» **The data**:

==*==

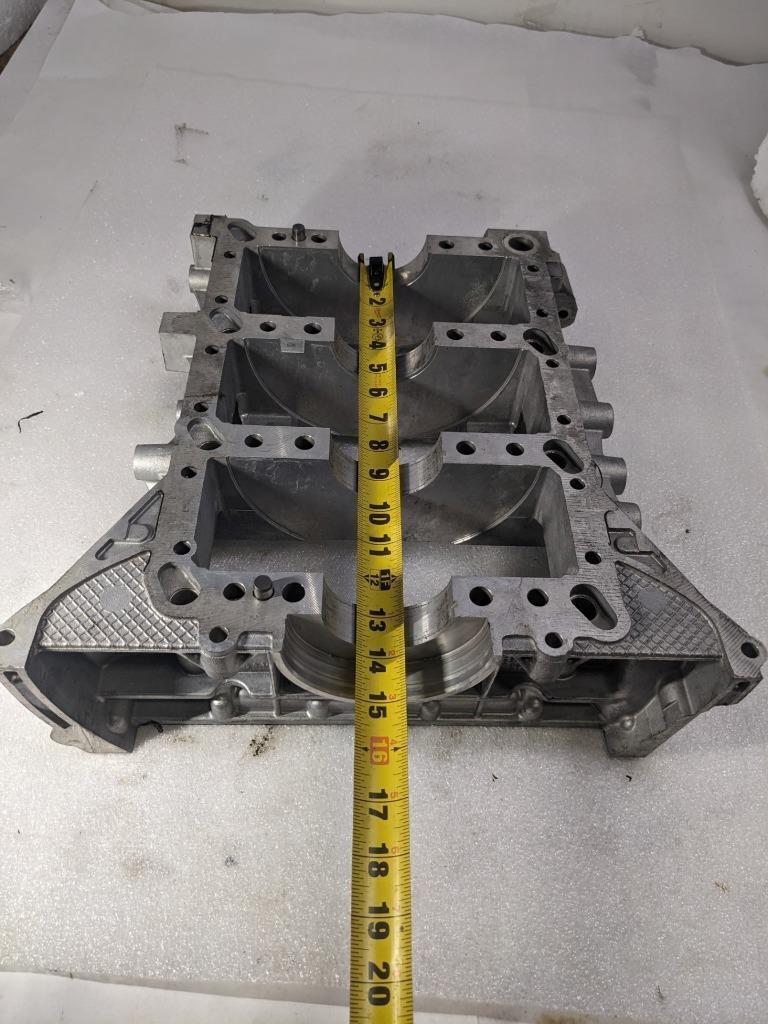 PORSCHE MACAN 2016 3.0 PETROL ENGINE BLOCK 9461011137R USED I2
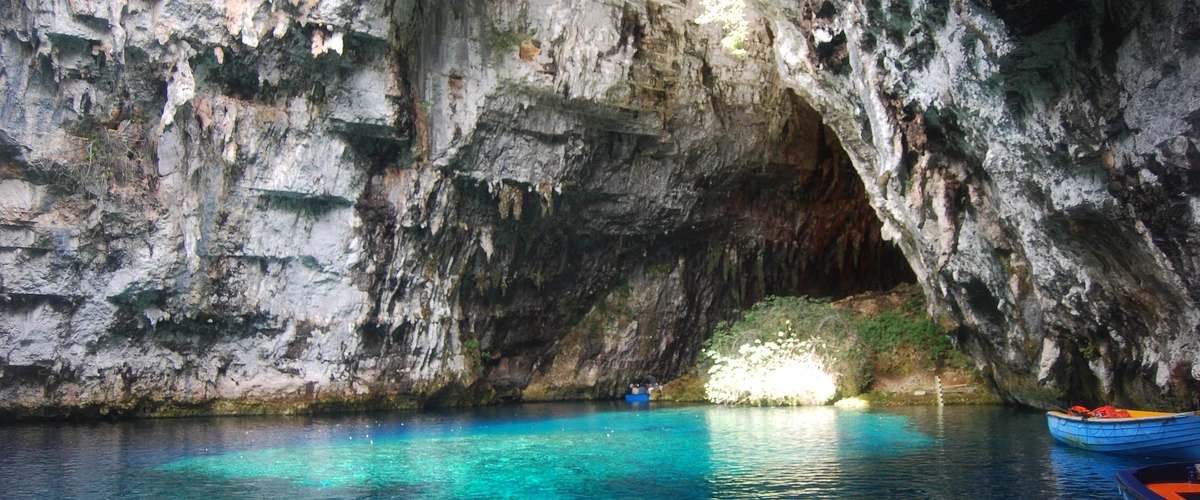 Asistă la lumina eterică a Peșterii Melissani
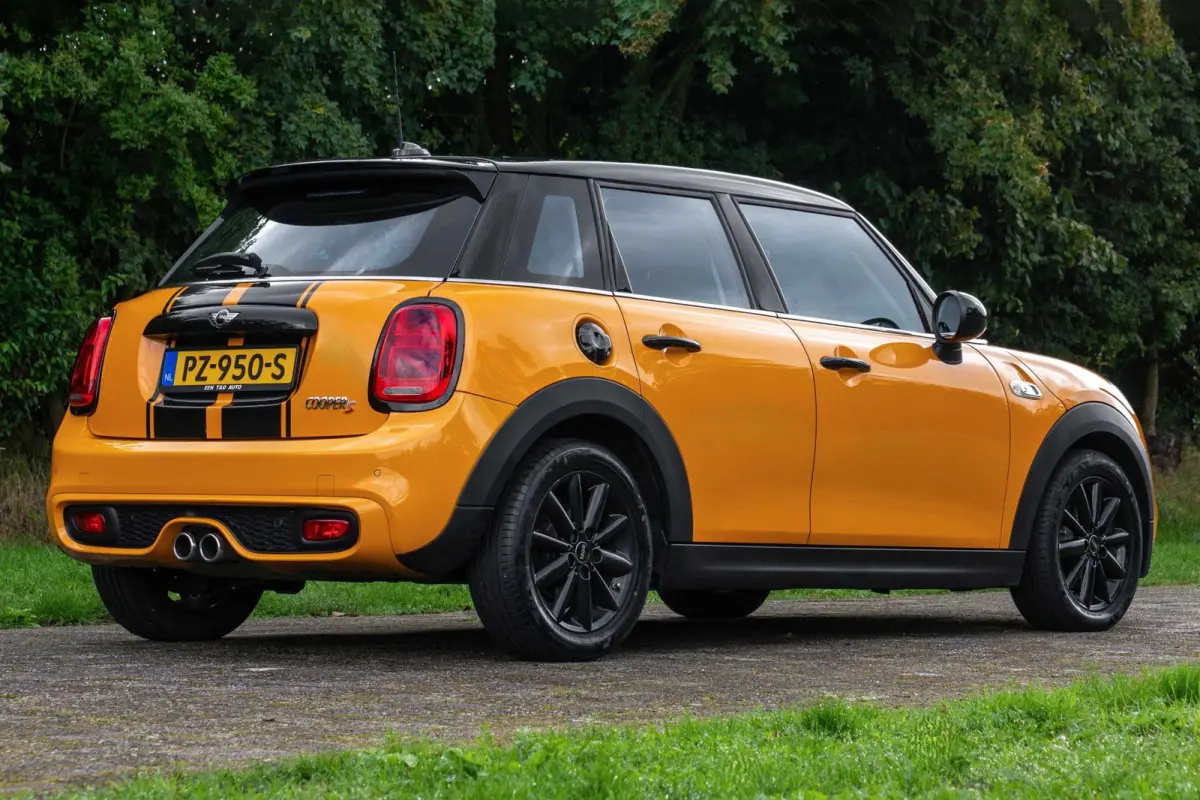 Mini 2.0 S Chili Serious Business Automaat +NAP NL-auto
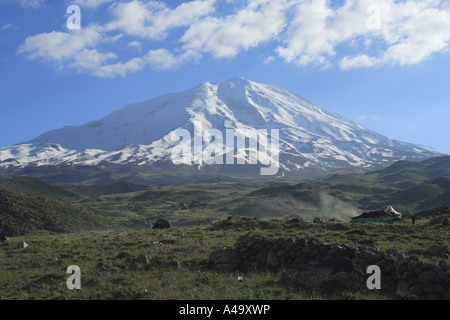 Berg Ararat (5165 m), höchster Berg der Türkei, im Morgengrauen mit ein Nomadencamp im Vordergrund, Türkei, Ost-Anatolien, Stockfoto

==*==

» **Work item**:
Retype the data above exactly. Leave the pictures out.

» **Answer to this problem**:
 PORSCHE MACAN 2016 3.0 PETROL ENGINE BLOCK 9461011137R USED I2
 Asistă la lumina eterică a Peșterii Melissani
 Mini 2.0 S Chili Serious Business Automaat +NAP NL-auto
 Berg Ararat (5165 m), höchster Berg der Türkei, im Morgengrauen mit ein Nomadencamp im Vordergrund, Türkei, Ost-Anatolien, Stockfoto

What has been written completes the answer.